Original Title: Why My OpenClaw Sessions Burned 21.5M Tokens in a Day (And What Actually Fixed It)
Original Author: MOSHIII
Translation: Peggy, BlockBeats

Editor’s Note: In the current rapid popularization of Agent applications, many teams have discovered a seemingly abnormal phenomenon: the system runs perfectly fine, but token costs have been continuously rising unknowingly. This article analyzes a real OpenClaw workload and finds that the reasons for cost explosions often do not come from user inputs or model outputs, but from overlooked context cache replay. The model repeatedly reads a massive historical context in each round of calls, resulting in huge token consumption.

The article combines specific session data to demonstrate how tool outputs, browser snapshots, JSON logs, and other large intermediate products are constantly written into historical context and repeatedly read in the agent loop.

Through this case, the author proposes a clear optimization idea: from context structure design, tool output management to compaction mechanism configuration. For developers building Agent systems, this is not only a technical troubleshooting record but also a money-saving strategy.
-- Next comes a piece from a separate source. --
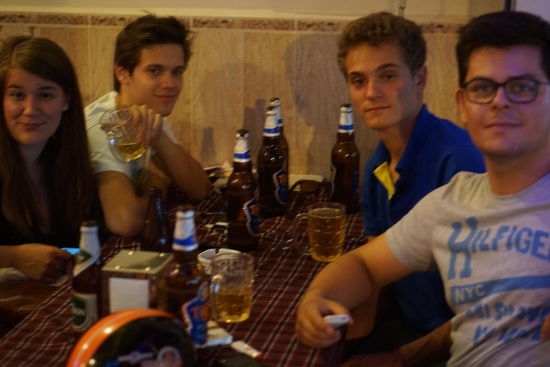 Dann haben wir auch noch Laylas franzoesische Freunde aus dem Peace House getroffen, die erst am Anfang der Feier waren.paeter sollen sie noch Insekten essen gegangen sein.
The following is the original text:

I analyzed a real OpenClaw workload and discovered a pattern that I believe many Agent users would recognize:

Token usage looks very "active"

Responses also appear quite normal

But token consumption suddenly skyrockets

Below are the structural breakdown, root causes, and feasible repair paths from this analysis.

TL;DR

The biggest cost driver is not that user messages are too long. Rather, it's the massive cached prefix being repeatedly replayed.

From session data:

Total tokens: 21,543,714

cacheRead: 17,105,970 (79.40%)

input: 4,345,264 (20.17%)

output: 92,480 (0.43%)

In other words: The cost of most calls is not actually from processing new user intentions, but from repeatedly reading a vast historical context.

"Wait, how could this happen?" moment

I initially thought the high token usage came from: very long user prompts, a large amount of output generation, or expensive tool calls.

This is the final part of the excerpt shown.